- [Excerpted records]:
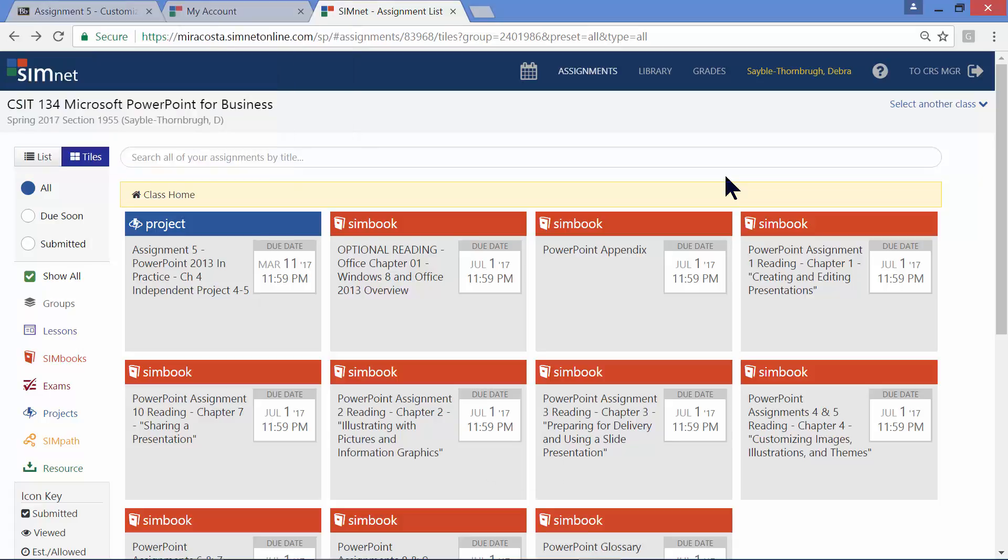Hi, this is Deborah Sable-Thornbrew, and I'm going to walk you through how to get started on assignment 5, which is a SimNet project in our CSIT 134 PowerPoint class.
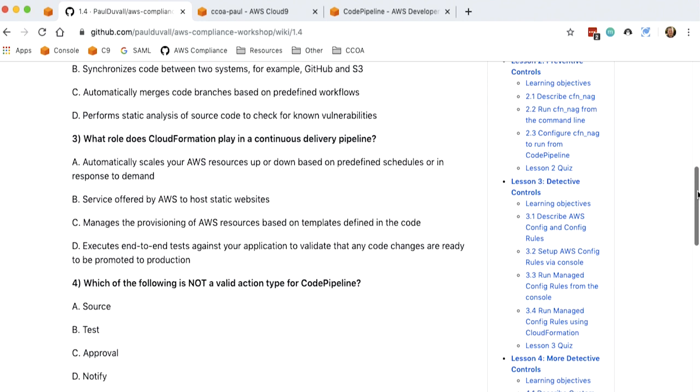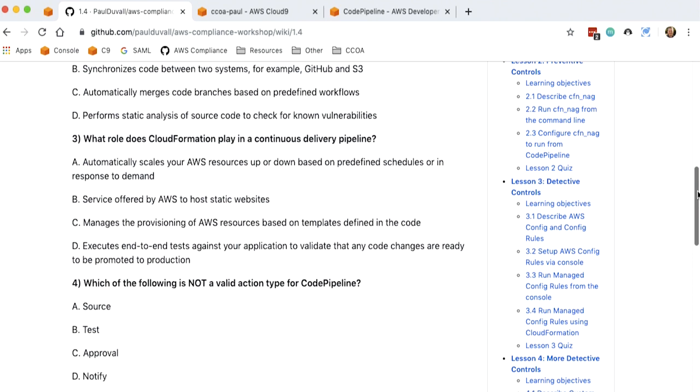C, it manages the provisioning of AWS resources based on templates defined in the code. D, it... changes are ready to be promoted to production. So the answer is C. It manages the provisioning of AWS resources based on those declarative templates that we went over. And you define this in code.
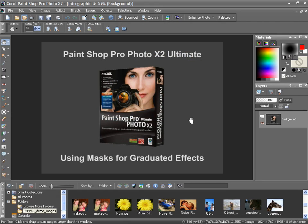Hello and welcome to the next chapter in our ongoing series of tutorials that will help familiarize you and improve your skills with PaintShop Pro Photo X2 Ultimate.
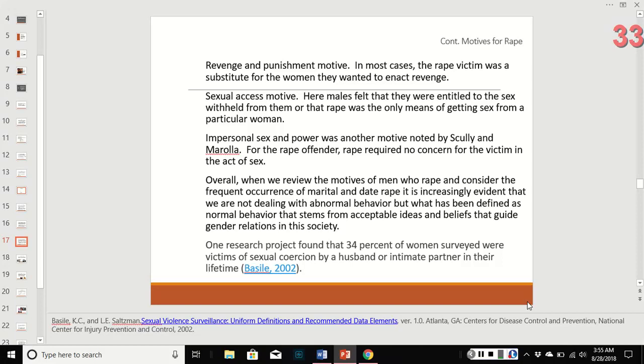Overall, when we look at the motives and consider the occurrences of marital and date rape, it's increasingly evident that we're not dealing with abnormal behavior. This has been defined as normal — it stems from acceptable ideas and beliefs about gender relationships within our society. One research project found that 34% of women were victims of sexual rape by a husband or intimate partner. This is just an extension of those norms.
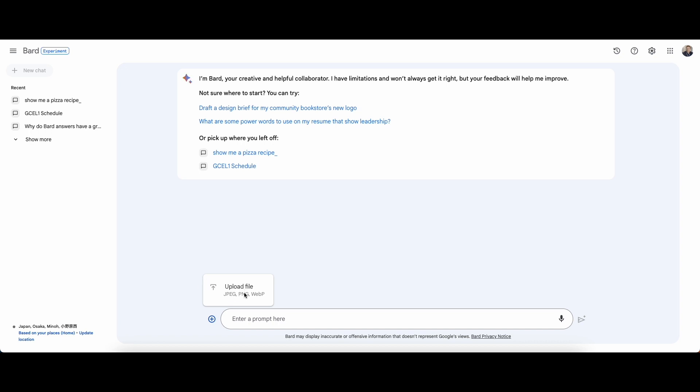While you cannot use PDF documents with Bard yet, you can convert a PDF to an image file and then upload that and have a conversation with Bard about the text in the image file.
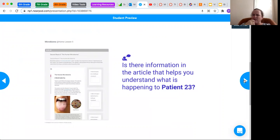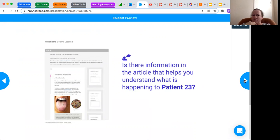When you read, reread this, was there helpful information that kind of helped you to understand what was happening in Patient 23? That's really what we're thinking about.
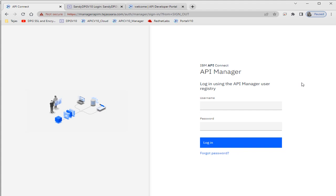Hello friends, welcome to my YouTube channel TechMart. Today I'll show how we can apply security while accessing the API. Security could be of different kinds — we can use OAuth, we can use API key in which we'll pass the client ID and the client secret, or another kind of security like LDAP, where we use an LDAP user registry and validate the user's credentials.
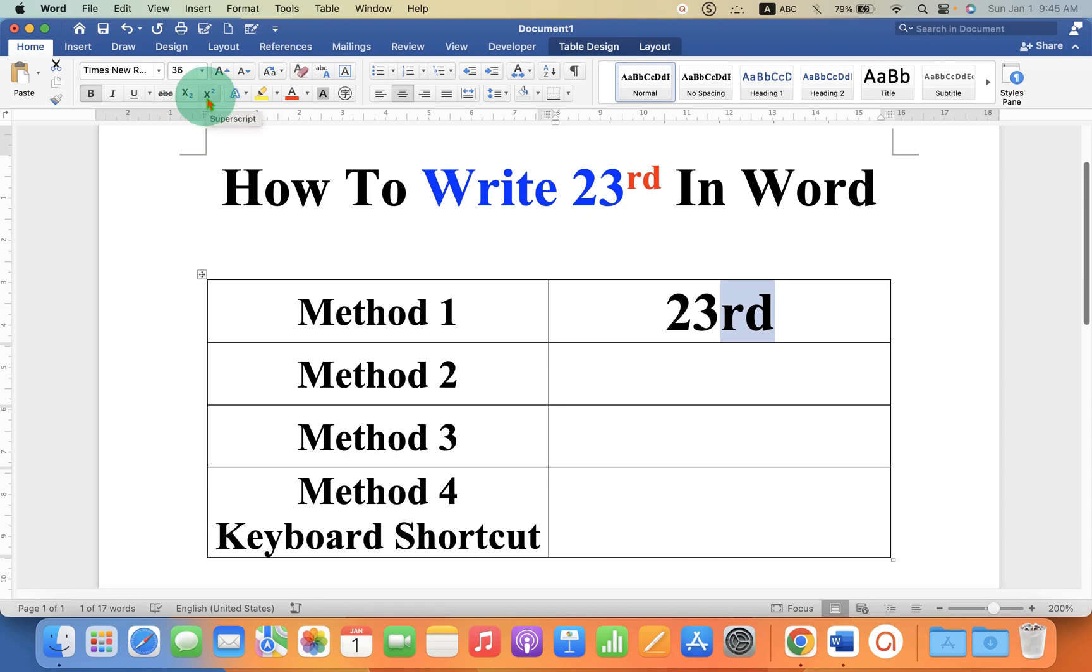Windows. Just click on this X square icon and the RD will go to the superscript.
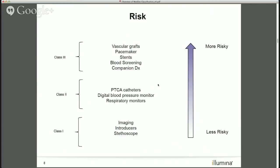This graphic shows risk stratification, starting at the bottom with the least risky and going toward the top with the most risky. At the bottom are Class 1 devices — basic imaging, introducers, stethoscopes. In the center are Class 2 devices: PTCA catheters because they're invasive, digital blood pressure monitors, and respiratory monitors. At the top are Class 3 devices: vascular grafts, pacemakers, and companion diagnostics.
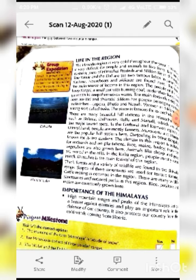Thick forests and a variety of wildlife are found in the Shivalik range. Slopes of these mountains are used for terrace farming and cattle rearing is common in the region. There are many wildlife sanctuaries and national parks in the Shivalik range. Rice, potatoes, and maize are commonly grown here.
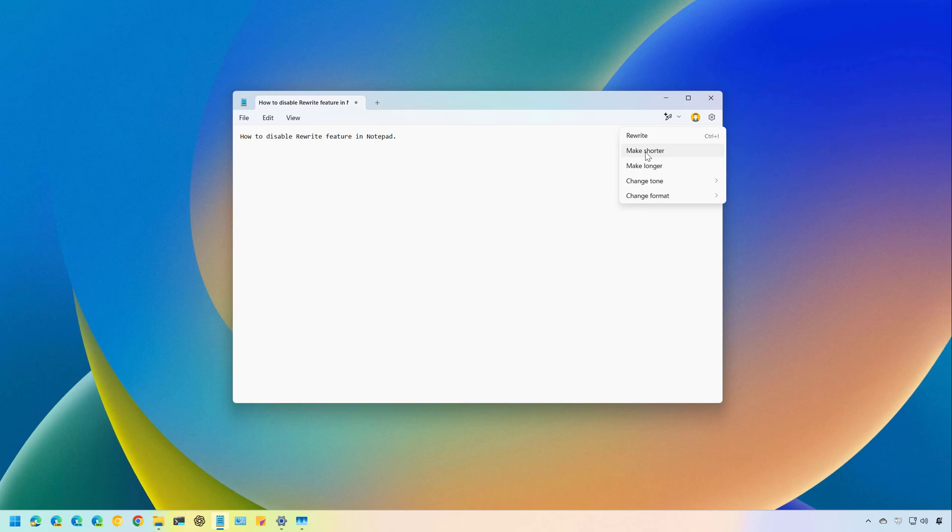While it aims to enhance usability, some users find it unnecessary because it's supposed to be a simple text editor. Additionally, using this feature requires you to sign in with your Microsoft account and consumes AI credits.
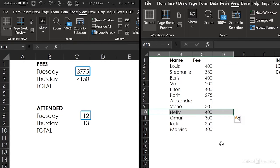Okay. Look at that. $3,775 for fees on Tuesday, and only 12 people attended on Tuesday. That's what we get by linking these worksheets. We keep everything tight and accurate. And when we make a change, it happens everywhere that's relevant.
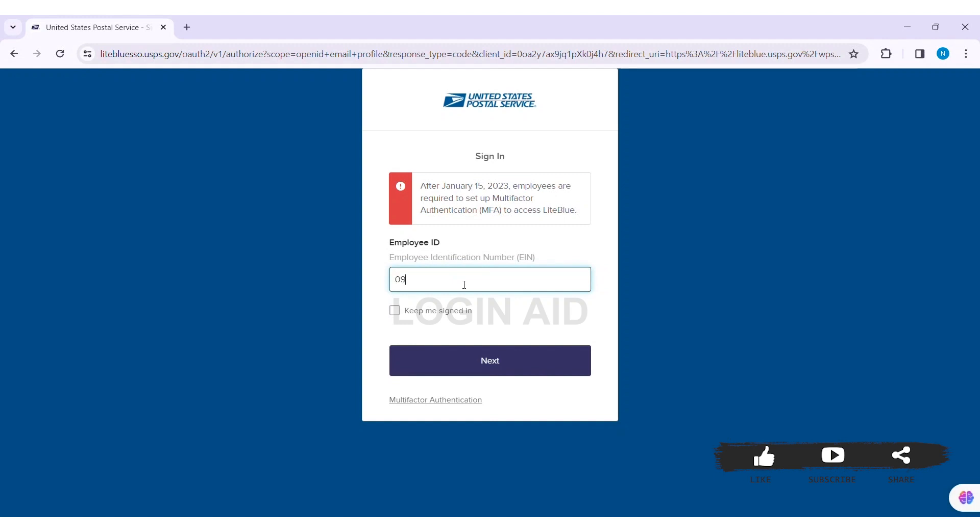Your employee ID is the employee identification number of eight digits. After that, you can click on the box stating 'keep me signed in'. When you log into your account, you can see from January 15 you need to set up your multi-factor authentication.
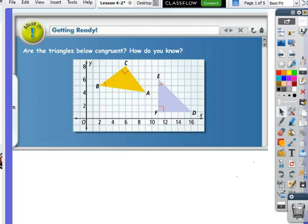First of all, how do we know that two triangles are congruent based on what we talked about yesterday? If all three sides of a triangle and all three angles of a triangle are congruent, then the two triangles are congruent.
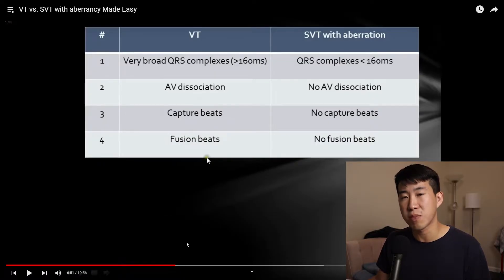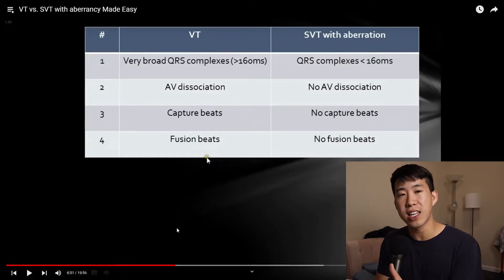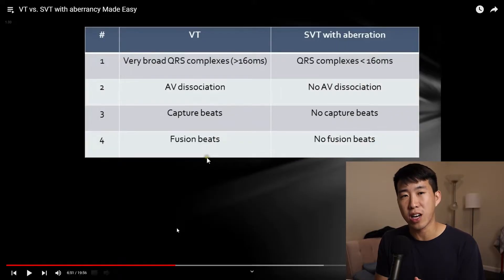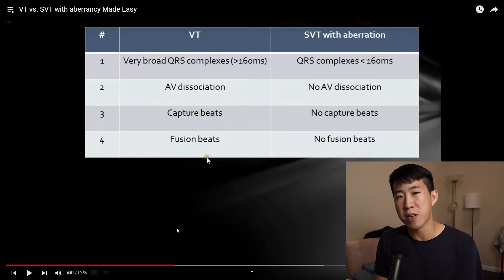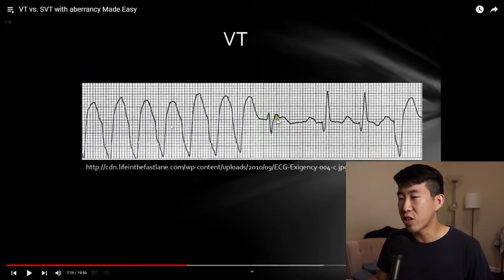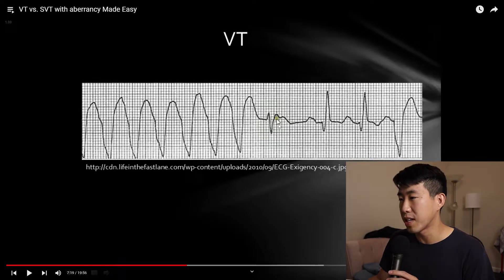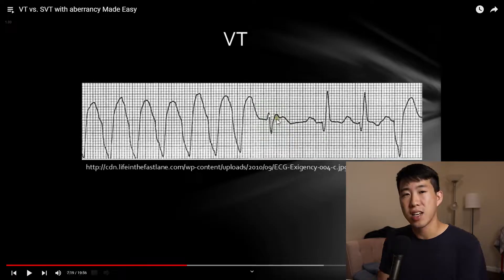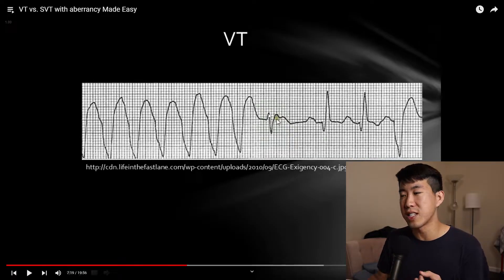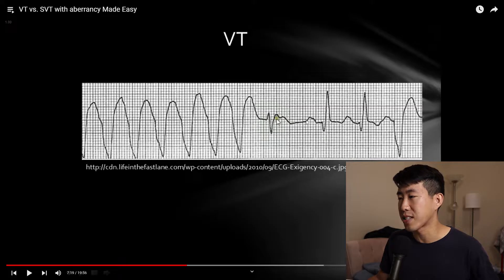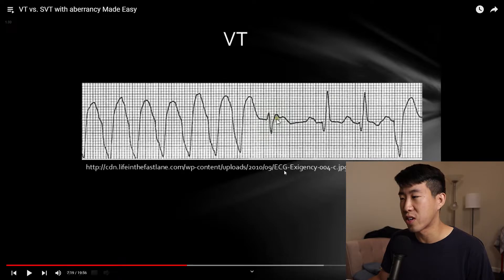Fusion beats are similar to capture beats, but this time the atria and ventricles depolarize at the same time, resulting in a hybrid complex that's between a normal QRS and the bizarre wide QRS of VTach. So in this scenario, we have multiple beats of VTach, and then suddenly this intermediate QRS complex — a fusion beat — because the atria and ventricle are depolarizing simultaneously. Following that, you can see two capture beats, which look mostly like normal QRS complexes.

- [Exercise brief]: All lines from the start of the entries through the one with "When you read, reread" are to be output exactly; omit the pictures.

- [Your solution]:
Hi, this is Deborah Sable-Thornbrew, and I'm going to walk you through how to get started on assignment 5, which is a SimNet project in our CSIT 134 PowerPoint class.
C, it manages the provisioning of AWS resources based on templates defined in the code. D, it... changes are ready to be promoted to production. So the answer is C. It manages the provisioning of AWS resources based on those declarative templates that we went over. And you define this in code.
Hello and welcome to the next chapter in our ongoing series of tutorials that will help familiarize you and improve your skills with PaintShop Pro Photo X2 Ultimate.
Overall, when we look at the motives and consider the occurrences of marital and date rape, it's increasingly evident that we're not dealing with abnormal behavior. This has been defined as normal — it stems from acceptable ideas and beliefs about gender relationships within our society. One research project found that 34% of women were victims of sexual rape by a husband or intimate partner. This is just an extension of those norms.
While you cannot use PDF documents with Bard yet, you can convert a PDF to an image file and then upload that and have a conversation with Bard about the text in the image file.
When you read, reread this, was there helpful information that kind of helped you to understand what was happening in Patient 23? That's really what we're thinking about.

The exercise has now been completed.